## PROBLEM DESCRIPTION:
Could you please output all of the data exactly, without the images?

## GIVEN MATERIAL:
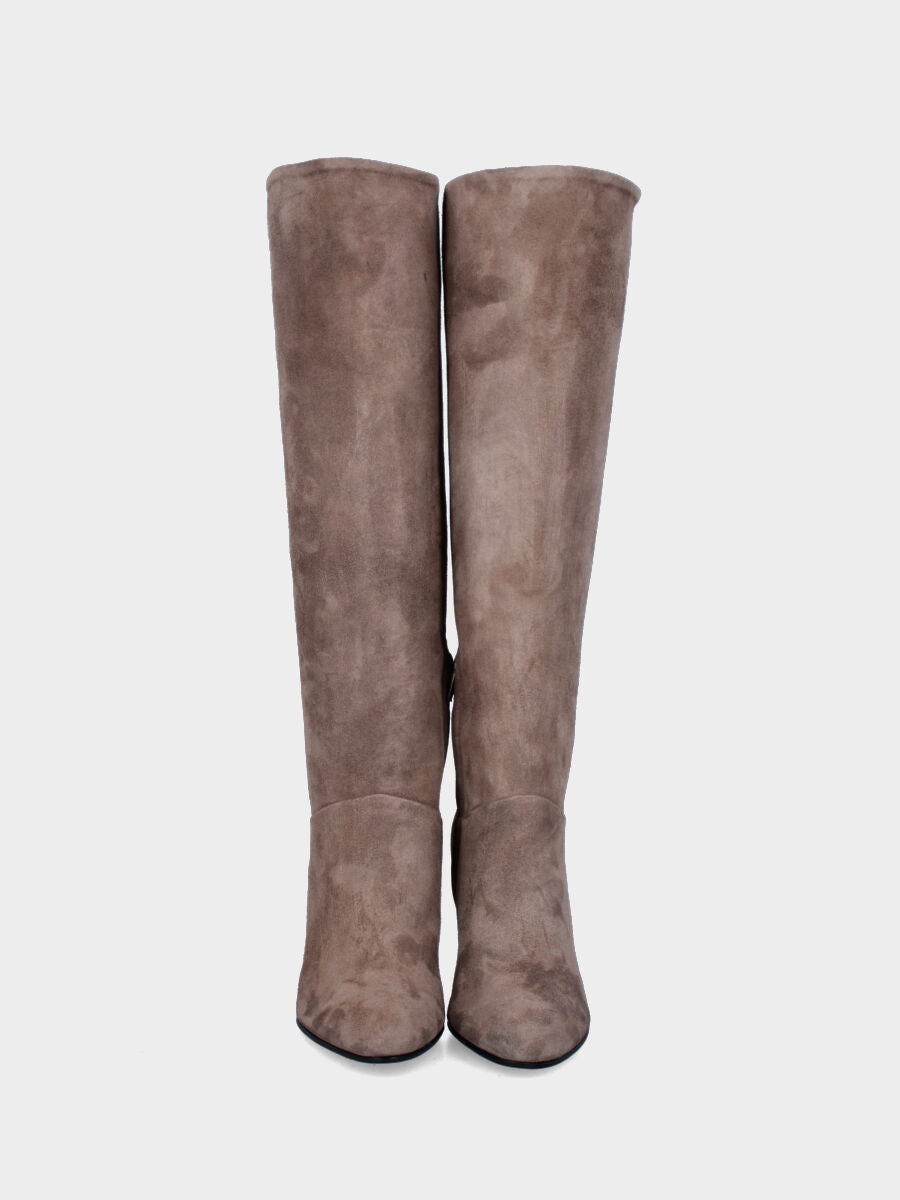 Stivale a tubo in camoscio color fango con tacco largo e punta tonda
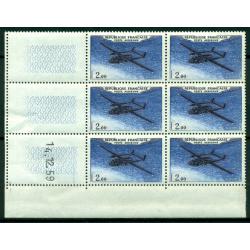 Timbres** France coin daté Poste Aérienne n° 38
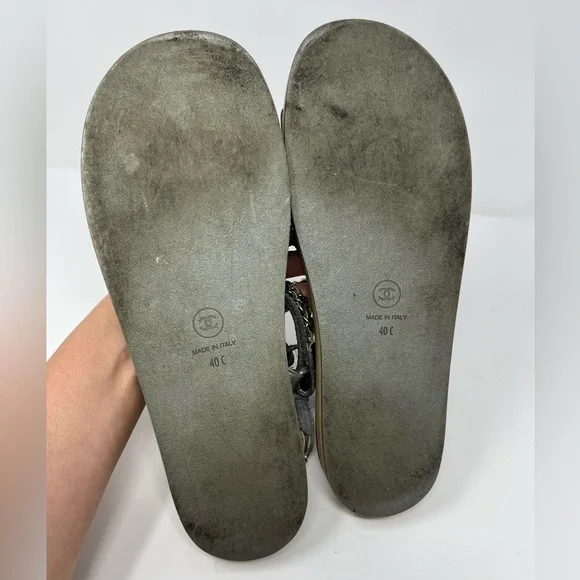 SOLD// Chanel Silver Metallic Chain Dad Sandals CC Logo Leather 40C 40 9 9.5 - Picture 13 of 14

## REPLY:
 Stivale a tubo in camoscio color fango con tacco largo e punta tonda
 Timbres** France coin daté Poste Aérienne n° 38
 SOLD// Chanel Silver Metallic Chain Dad Sandals CC Logo Leather 40C 40 9 9.5 - Picture 13 of 14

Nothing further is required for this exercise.